Hypertension may well be the medical term given for high blood pressure, but it has another unofficial name – “The Silent Killer”. Around one third of adults in the US suffer from high blood pressure. However many are unaware that they actually have it as there few obvious signs. People are also unaware of small lifestyle changes they can make to lower their readings. With connected scales and blood pressure monitors on the increase, we are for the first time getting actual real-time data about the links between weight loss, changes in diet, increased activity and improvements in health.
Withings, a leading manufacturer of smart scales and other health and fitness gadgets has recently published findings of its study looking at the connection between weight and blood pressure. For the study, researchers analyzed an anonymous database of 27,000 adults from more than 100 countries around the world who regularly track their blood pressure and BMI with Withings’ Wireless Blood Pressure Monitor and Withings’ connected scale, the Smart Body Analyzer.
Statistics show that obesity rates have more than doubled in the past 30 years. Over 60% of adults in the United States are considered overweight or obese. Obesity is a well-documented risk factor for high blood pressure. This was confirmed by the Withings study, which found that, for both men and women, there is a positive association between an overall lower body mass index and lower blood pressure. People with lower BMI’s in the database generally have lower blood pressure. The study also found that a decrease in BMI of 1.0 kg over a month was associated with a drop in blood pressure of 1.79 mmHg for men and 1.81 mmHg for women.
Another large-scale Withings study recently found that a small amount of extra steps per day over the course of a month will lead to a drop in blood pressure. For the study, Withings researchers analyzed a years’ worth of data from 19,000 adults in 150 countries who used Withings’ Pulse activity trackers and Wireless Blood Pressure Monitors.

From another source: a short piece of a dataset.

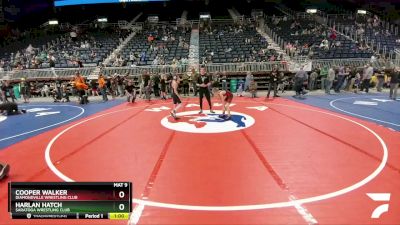 82 lbs Cons. Round 4 - Harlan Hatch, Saratoga Wrestling Club vs Cooper Walker, Diamondville Wrestling Club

When researchers looked at the subjects over time, they found that people who increased their monthly steps by 30,000 – about 1,000 each day – experienced a drop in blood pressure. For men, the resulting drop in systolic blood pressure averaged 0.13 mmHg. For women, the drop was around 0.21 mmHg in systolic blood pressure.
Being able to regularly measure and track blood pressure is of great help in helping to understand how dietary, fitness and other changes are effective in improving your health. There are many smart devices on the market which can be used to track blood pressure.
In a recent interview with Time Magazine, Fitbit CEO James Park spoke on how he sees the future of the company. He also revealed some features that may be coming to our wrists in the near future.
“We’re definitely going to be releasing devices with advanced sensors that help people track not only more accurate metrics on what we’re doing today, but additional metrics as well,” says Park.“
I can’t talk specifically, but things people are going to be interested in in the future are blood pressure, or stress, or more stats about their athletic performance. Those are all things that we’re working on and we’ll continue to release over time.”
This is a very exciting development. Fitbit is the global leader at the moment in wearables sales. A recent report by IDC shows that the company shipped 4.7 million units in Q3 2015, ahead of Apple’s 3.9 million units. If it does bring blood pressure monitoring to our wrists in 2016, many wearables manufacturers will follow. Apple had built sensors into the Apple Watch that could measure blood pressure, but ultimately decided not to include those features in its first generation device due to consistency issues.
So, to sum up, what can we do to lower our blood pressure?
First, monitor your vitals information on a regular basis. With the advent of smart blood pressure monitors, this is easier than ever. To get those numbers headed in the right direction, exercising more frequently and tracking your weight are are the best places to start. Even for people without high blood pressure, it’s wise to track this on a regular basis, eat a healthy diet and exercise as blood pressure tends to creep up as we age.